His problems began when he accused the authorities of creating a “fascist concentration camp of Satan”, and in June 2020 he recorded a video calling for a boycott of the vote on constitutional amendments. It should be recalled that the sweeping amendments to the Constitution of the Russian Federation adopted in July 2020 expanded presidential powers and formalised the “reset” of presidential terms, allowing Vladimir Putin to run again.

“Putin and his entourage are merely a screen. Through the constitutional amendments, through our voluntary attendance at polling stations, regardless of our agreement or disagreement, because what they need is mass participation, slave-owning power will be legalised. In other words, we will voluntarily legalise the authority of the future Antichrist and his servants. I declare to all the peoples of Russia, do not go to the polling stations!” he said.

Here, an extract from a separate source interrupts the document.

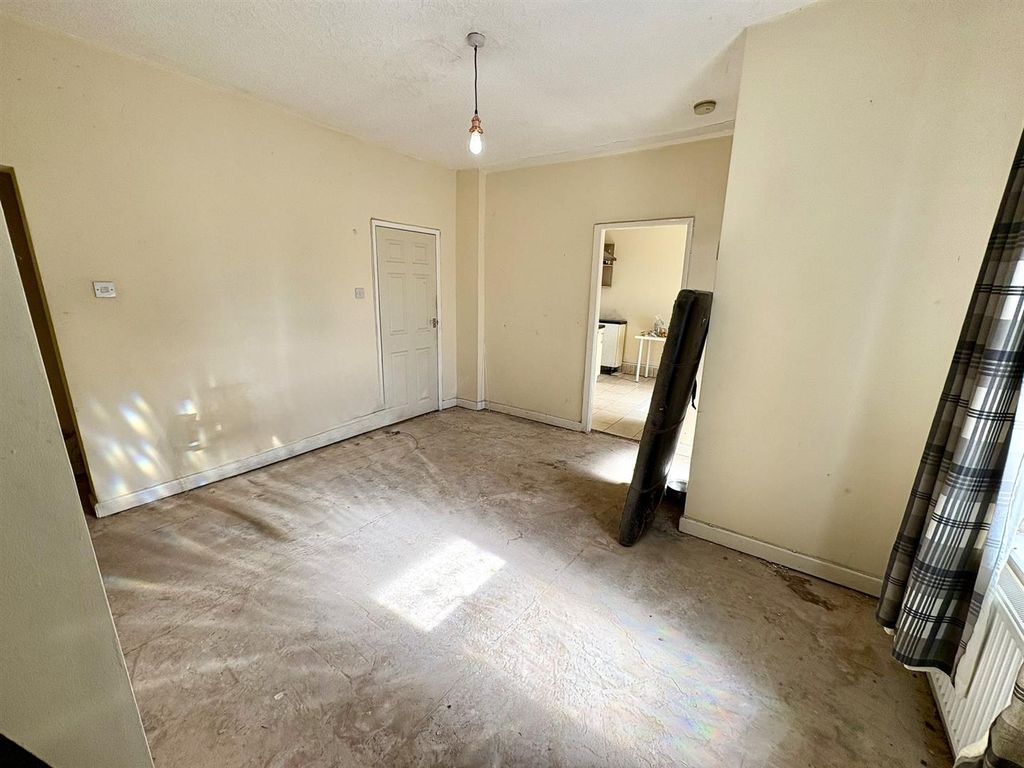 Property photo 2 of 10 3F68769E-c536-4d78-B15E-25d16E2F5B79.Jpg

Interestingly, Father Sergiy rejected digitalisation and modern technology, yet his monastic and personal morality allowed him to become an authority whose criticism was feared by both Putin and Patriarch Kirill. Sergiy called the patriarch and the president hidden enemies of Russia who “have brought the country to open hostility toward God, the closure of churches, and hatred of humanity, placing their own flesh above eternal life”, and said that he awaited their joint repentance. Sergiy described the protests in Khabarovsk Krai as “the first swallow”, adding that “swallows all across Russia are alive and even flying above the Kremlin”. All 150 nuns supported Father Sergiy. As a result, the monastery was closed and the hegumen received a seven-year prison sentence.

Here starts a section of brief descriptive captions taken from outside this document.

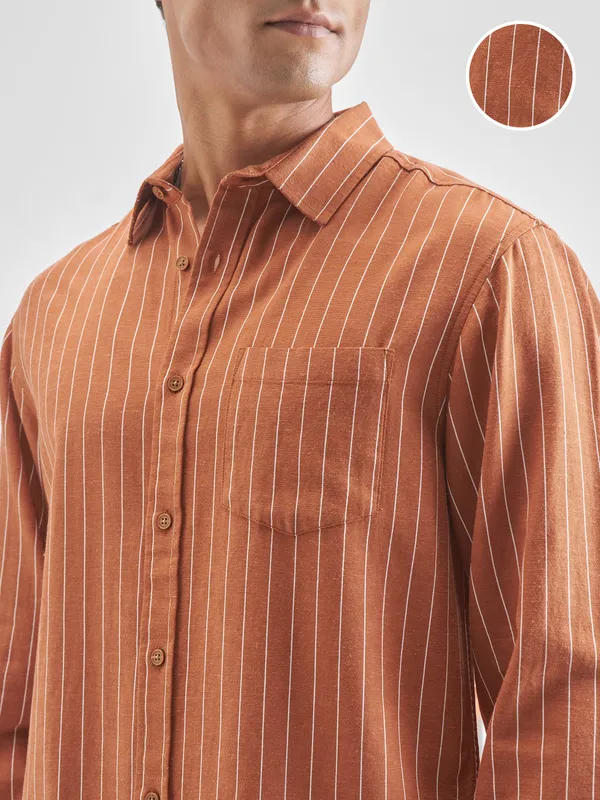 Men Regular Fit Casual Shirt
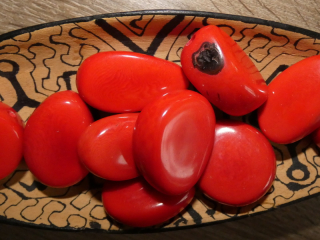 Tagua - oblázek (podélný, červený)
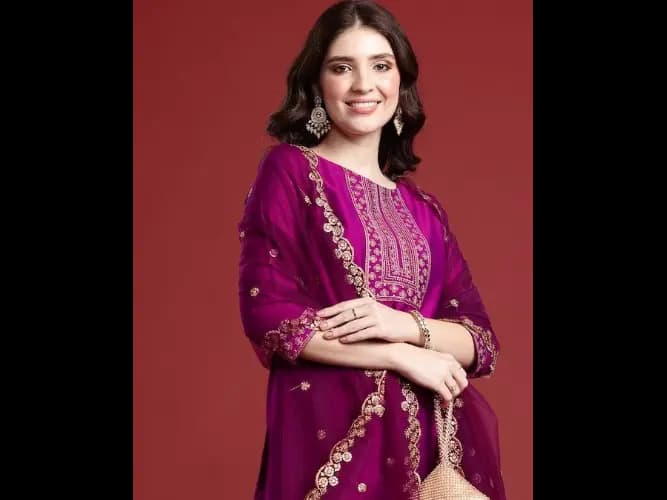 Ethnic Motifs Embroidered Regular Kurta with Trousers & With Dupatta (3)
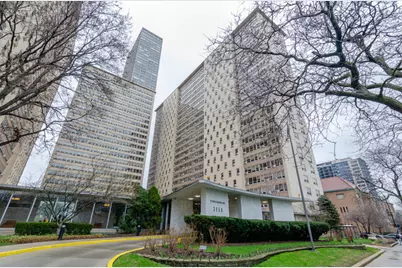 3950 N Lake Shore Drive #1811, Chicago, IL 60613 - Photo 1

Punitive psychiatry used for religious motives has also affected another man. His trial is taking place in Kazakhstan, but it was instigated by Russia.

A court in Almaty ordered former hieromonk Iakov Vorontsov of the Astana and Almaty Diocese of the Russian Orthodox Church to undergo psychiatric evaluation in a psychiatric institution after he condemned the full-scale invasion of Ukraine by Russian troops. Since February Vorontsov has been held in pre-trial detention.

As LF reported, on the night of 13 February, Hieromonk Iakov Vorontsov, known for his anti-war stance and criticism of the Russian Orthodox Church, was detained in Kazakhstan.

He became widely known in 2023 after criticising Russia’s “special military operation” in Ukraine as well as the leadership of the Russian Orthodox Church.

In 2024 Vorontsov was suspended from ministry and defrocked. Criminal proceedings were also opened against him under Article 141 of the Criminal Code of Kazakhstan, concerning “incitement of social, national, clan, racial, class, or religious discord, insult to national honour and dignity, or insult to citizens’ religious feelings”. The investigation was later closed due to lack of evidence of a crime.

It is known that several years ago Vorontsov attempted to establish in Kazakhstan an Orthodox Church independent of the Moscow Patriarchate. He twice submitted registration documents to the Ministry of Justice and twice received refusals.

Earlier we wrote that the United States Commission on International Religious Freedom, USCIRF, included the defrocked Russian Orthodox priest Iakov Vorontsov in its international database of individuals persecuted for their faith.

These are three typical stories of how people sought, through faith and with reliance on faith, to make their country freer, happier, more transparent, and more honest. But they proved powerless before a totalitarian regime in which the only acceptable religion is one that performs a service function for the authorities.